05-02-2018 05:01 PM
I want to export a table with billion + rows to my local from SAS EG.
I was wondering if there is anyway that the data can be zipped or compressed first and then the data is exported to local to reduce the I/O. Any suggestions?
05-02-2018 06:14 PM
Where are you processing this data now? On local SAS or on remote server SAS? Where is the SAS Table stored? And what to you mean by export - export to what file format or just copy as SAS table?
05-03-2018 09:22 AM
I am accessing data on remote SAS serer using SAS EG , the SAS Table is stored in a Sybase DB on server.
Export to csv or tab separated.
My end goal is to read the data in python program for applying machine learning
05-03-2018 06:35 AM
05-03-2018 09:33 AM
Thank you for the input
I checked the proc export. It does not provide any option to compress file before export.

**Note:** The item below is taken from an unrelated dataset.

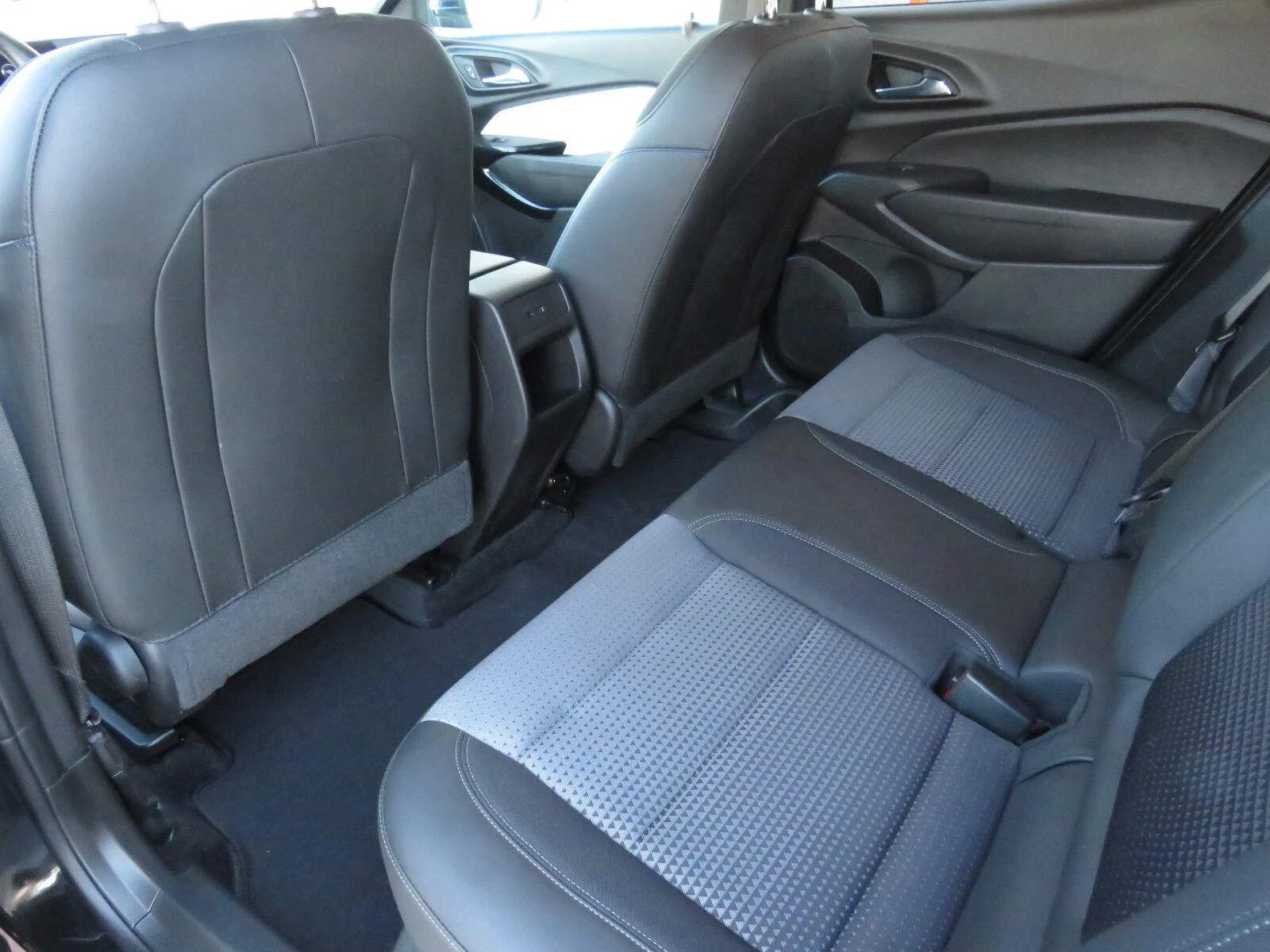 Used 2024 Mosaic Black Metallic Chevrolet LT image 21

As the table is massive the plain export will take significantly longer and might get time out as well.
I am working in an Enterprise so the default security and login restrictions apply
05-03-2018 05:09 PM
>It does not provide any option to compress file before export.
It always compresses.
So the process is Sybase => CSV => Python script?

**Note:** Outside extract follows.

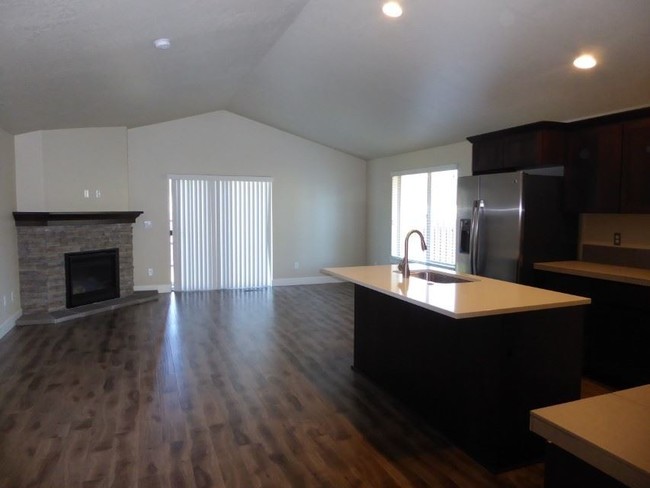 Building Photo - 3 br, 2 bath House - 21199 SE Caleb Place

SAS has nothing to do with this process then.
The only value that can be added is transferring with SAS/ACCESS, but for that kind of volume and considering the end-result is CSV, it is probably a lot more efficient to ask the sybase admins to dump the table to a text file, zip it, transfer it and unzip it.
05-03-2018 05:15 PM
The access to Sybase db is though SAS. Unfortunately going directly to admins is not an possible option.
I was wondering/curious in case there is any functionality provided by sas to compress the table to zip or tarz(any other universal format) before export to local(disk) to reduce IO
05-03-2018 05:41 PM
You could use PROC EXPORT, but that doesn't provide many tuning options.
You could use PROC SQL, which works a little bit closer to the database. And if you have SAS 9.4 M5, you can GZIP the output "on the fly."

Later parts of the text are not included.